The strength of this study lies in the extraction of explicit knowledge using a machine learning model from the implicit knowledge inherent in nutrition specialists’ dietary style classifications. However, several notable limitations exist. First, the feasibility of other databases remains unclear as this study relied on only one company’s database [8]. In Japan, various types of Japanese, Chinese, and Western dietary styles exist other than those used in the present data. More data sources should be introduced to demonstrate the robustness of the findings in the future. In addition, the dietary style of recipes used for the training data was determined by only two registered dieticians. Second, while the present model can generally identify dietary style characteristics, some aspects of its generalizability might be limited because the considered recipes focused on health considerations determined by dieticians. Third, this study excluded various cooking recipe types such as Korean and ethnic recipes, as well as their combinations with Japanese, Chinese, and Western diets. The current model focused solely on classifying cooking recipes into three major dietary styles, presenting a challenge for future studies aiming to accommodate diverse dietary styles.

5. Conclusions

This study developed a machine learning model that classifies cooking recipes into Japanese, Chinese, and Western dietary styles using a recipe database, indicating that seasonings and broths can effectively aid in such classifications.
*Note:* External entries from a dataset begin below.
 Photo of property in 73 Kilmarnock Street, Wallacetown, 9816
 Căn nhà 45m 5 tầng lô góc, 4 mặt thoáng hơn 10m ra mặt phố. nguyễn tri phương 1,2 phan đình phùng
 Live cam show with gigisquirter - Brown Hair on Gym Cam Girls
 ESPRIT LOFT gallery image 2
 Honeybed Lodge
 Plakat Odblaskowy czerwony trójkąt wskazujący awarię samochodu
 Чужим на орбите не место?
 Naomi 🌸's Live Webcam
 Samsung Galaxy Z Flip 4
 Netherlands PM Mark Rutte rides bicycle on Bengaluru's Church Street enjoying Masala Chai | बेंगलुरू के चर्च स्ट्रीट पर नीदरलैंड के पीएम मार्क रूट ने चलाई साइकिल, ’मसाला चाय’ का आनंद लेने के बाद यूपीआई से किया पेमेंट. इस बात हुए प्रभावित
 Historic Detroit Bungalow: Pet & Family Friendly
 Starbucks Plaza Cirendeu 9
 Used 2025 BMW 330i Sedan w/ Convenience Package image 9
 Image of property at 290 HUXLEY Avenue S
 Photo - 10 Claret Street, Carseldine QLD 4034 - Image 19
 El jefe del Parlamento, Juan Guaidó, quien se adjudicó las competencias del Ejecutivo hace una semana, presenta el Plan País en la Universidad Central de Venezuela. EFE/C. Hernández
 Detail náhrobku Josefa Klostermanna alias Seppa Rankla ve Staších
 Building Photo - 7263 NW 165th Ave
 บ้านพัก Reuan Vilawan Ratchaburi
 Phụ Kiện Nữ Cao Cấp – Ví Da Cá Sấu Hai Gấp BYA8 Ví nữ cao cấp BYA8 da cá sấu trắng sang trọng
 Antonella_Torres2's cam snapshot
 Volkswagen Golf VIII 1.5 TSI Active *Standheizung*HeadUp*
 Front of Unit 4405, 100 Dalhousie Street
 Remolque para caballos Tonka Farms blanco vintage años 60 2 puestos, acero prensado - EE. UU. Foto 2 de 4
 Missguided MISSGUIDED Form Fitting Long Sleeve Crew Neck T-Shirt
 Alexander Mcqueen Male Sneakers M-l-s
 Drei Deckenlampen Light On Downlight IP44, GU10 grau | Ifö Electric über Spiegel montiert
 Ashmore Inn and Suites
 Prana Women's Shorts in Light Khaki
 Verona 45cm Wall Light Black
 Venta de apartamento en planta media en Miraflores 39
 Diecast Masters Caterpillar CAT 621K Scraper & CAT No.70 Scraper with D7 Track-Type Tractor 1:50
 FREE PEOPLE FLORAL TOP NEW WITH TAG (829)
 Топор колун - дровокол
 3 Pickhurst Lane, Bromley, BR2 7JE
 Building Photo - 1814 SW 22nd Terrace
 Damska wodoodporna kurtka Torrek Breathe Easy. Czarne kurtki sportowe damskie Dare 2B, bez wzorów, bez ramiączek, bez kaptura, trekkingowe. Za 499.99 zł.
This study also proposed a complementary tool to investigate the dietary patterns within the Japanese population alongside classical methods. The evidence-based classification of dietary styles complemented by the prediction model contributes to clarifying the relationship between dietary styles and health.

Supplementary Materials

The following supporting information can be downloaded at https://www.mdpi.com/article/10.3390/foods13050667/s1, Figure S1: The confusion matrix for the Japanese dietary style, Figure S2: The confusion matrix for the Chinese dietary style, Figure S3: The confusion matrix for the Western dietary style, Figure S4: ROC curves for the Japanese dietary style, Figure S5: ROC curves for the Chinese dietary style, Figure S6: ROC curves for the Western dietary style, Table S1: Cooking recipes in Japanese, Chinese, and Western dietary styles.

Author Contributions

Research conception and design: M.Y., M.A. and N.N.; provision of data: K.H. and T.N.; statistical analysis of the data: M.A.; interpretation of the data and results: M.Y., M.A., K.H., T.N. and N.N.; and writing of the manuscript: M.Y. and M.A. All authors have read and agreed to the published version of the manuscript.

Funding

This research received no external funding.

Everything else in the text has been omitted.